Mas aí hoje ouvi algumas
pessoas reprovando o protesto, criticando o que foi feito porque deixou
prejuízos no Metrô e num shopping. Comentaristas de TV também reprovaram com
suas feições e tons de voz, além do texto. Realmente é lamentável, também acho
que não deveria existir depredação alguma, nem em espaço público nem no
privado. Só que, como a maioria dos atos que envolvem civilização, esse cobra
um olhar mais macro, menos maniqueísta: histórico – o que fundamentalmente
requer calcular os custos e os benefícios dos processos.
Não reclamam todos,
direitistas e esquerdistas, de que brasileiro é passivo, tem síndrome de corno,
não sabe votar nem mudar nem protestar? Comemorem, porque podemos, com esses de
ontem e de hoje, ter um começo. E se não sabemos mesmo protestar, que façamos mais
e mais para que possamos aprender.
Ouvi ainda que 20 centavos –
a passagem do ônibus, do Metrô e do trem foi de R$ 3 para R$ 3,20- são muito
pouco para justificar um protesto. Aí, acho não. Temos, nessas tarifas, um
grande motivo de protesto, sim.
Por que
O bilhete já era caro, como
muitos outros itens dessa São Paulo impossível de se viver, abusiva, em que
apenas os que muito têm ganham dinheiro – o resto apenas trabalha para pagar
uma difícil sobrevivência. O resto somos tanto os que moramos mais no centro
quanto os da imensa periferia desconhecida dos mesmos que criticam o protesto (e
olha que nem a grande maioria dos jornalistas sabe como é o chão tão longínquo de
Parelheiros, Brasilândia, São Miguel Paulista e afins).
E, mesmo já sendo caro, esse sistema
de transporte, é ineficiente e indigno. E não falo apenas pelo Metrô lotado,
pelo trem transbordante e pelas estações claustrofóbicas, de tão superlotadas,
que pego diariamente. Isso ainda é sorte, perto do mundo todo que depende
exclusivamente da falida e congestionada rede de ônibus que encarcera esse país
desconhecido que é São Paulo. Desconhecido por aqueles que têm como se
considerar formador de opinião. Por que os pobres desse lugar não formam
opinião: eles nem têm tempo para isso.
Pobre, em São Paulo, é muito
mal tratado. É desprezado e cuspido na cara. Digo porque, nos meses em que
trabalhei no jornal Agora, o único que realmente vai à periferia, percorri os
imensos extremos desse mundo caótico chamado de cidade.

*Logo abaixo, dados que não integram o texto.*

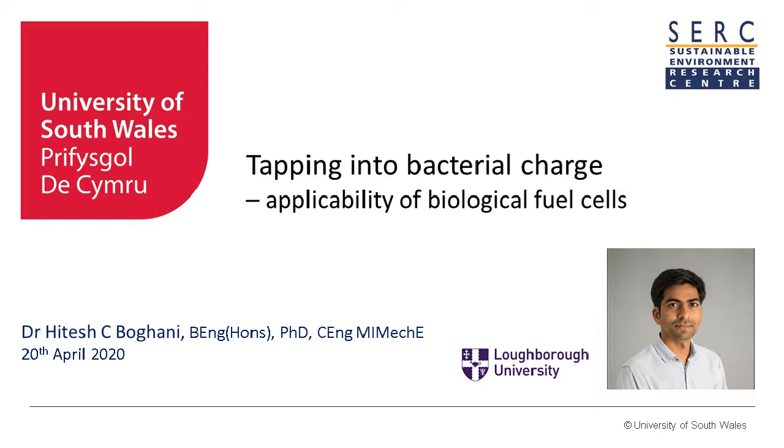Good afternoon, everyone. Welcome to this event organised by the Leicester Area Institute of Mechanical Engineers. I'm Hazel Carlin, the web officer with the Leicester area. I'm very pleased to welcome Dr Hitesh Bhagawani, who's going to speak to us about biological fuel cells.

Esses mesmos pobres e outros
trabalhadores não tão pobres, mas que têm os mesmos direitos a um transporte
público digno, passam quatro, cinco ou até seis horas por dia ensardinhados
nessas latas herméticas. Tempo com que poderiam investir na saúde, na educação,
no lazer, no convívio com os queridos, na felicidade.

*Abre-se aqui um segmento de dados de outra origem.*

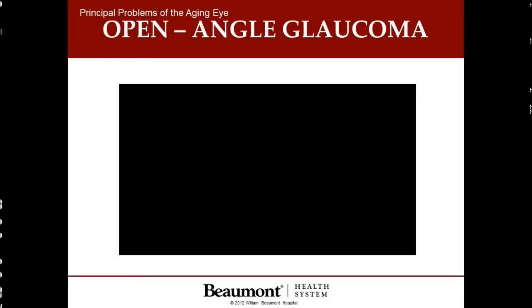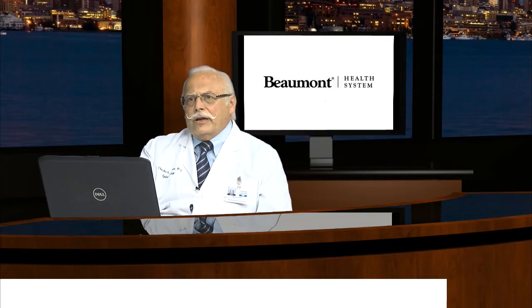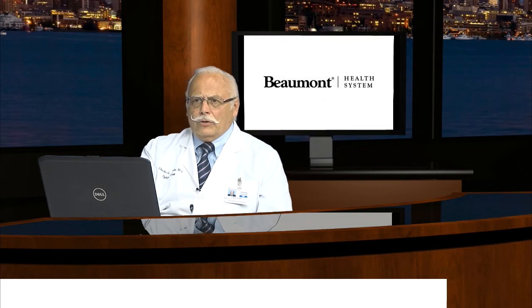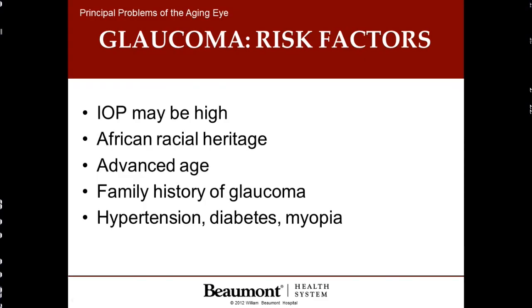This short film indicates what happens in glaucoma: primarily, the drain channels in the eye get slowly clogged, fluid formed in the eye cannot get out, and the high pressure damages the optic nerve in the back of the eye. It is more common in patients of African racial background, at advanced age, and it runs in families. It is also linked to diabetes, high blood pressure, and nearsightedness.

É desse transporte infernal e
paraplégico de que tratam esses primeiros protestos. De um transporte injusto,
que recebe mais de R$ 1 bilhão de subsídios pagos por nós, anualmente, às
empresas que deveriam prestá-los com o mínimo de dignidade. O cálculo desse
subsídio, que nenhum governo gosta de comentar, é baseado no número de pessoas
que rodam as catracas, não na velocidade nem no Km rodado. As empresas recebem
esse subsídio, que enrobusteceu ano a ano, nas últimas gestões municipais, para
continuarem sem cumprir com a finalidade de transportar. Essa grana toda é
queimada sem que tenhamos transporte eficiente.
Custos e benefícios
Todos sabem da velocidade média
de tartaruga dos ônibus e da falta de corredores exclusivos para que andem –
isso é notícia clichê. Deveria ser de conhecimento e memória geral de todos,
também, que os governos historicamente escolham investir no transporte individual
o dinheiro de pobres e de ricos que não sonegam, em detrimento da gestão para o
coletivo.
Por essas inversões de lógica
e de outras que assolam nossos cofres e nossa moral, como população, que temos
de ir às ruas, mesmo que os governos tenham custos com reparos de lixeiras e
vidros das estações de Metrô. A lógica é que os gestores parem de denegrir e desrespeitar
a população e não que esta seja inibida ou proibida de requerer o que já era
para ser feito antes, por direito. Os governos devem temer o povo, não o
contrário.
Quem está depredando quem?
Quem está dando prejuízo a quem? Contem os desmandos dessas gestões caducas,
míopes e até maldosas, e calculem o tamanho dos custos e dos benefícios que
ficam para a nossa história.
A despeito desses custos, é
preciso protestar mais e contra mais desmandos, até que se equilibre o respeito
entre governantes e governados. Até que a síndrome de corno exista apenas no
nível individual, para azar dos que ficam muito tempo longe dos amados – talvez
pelo tráfego.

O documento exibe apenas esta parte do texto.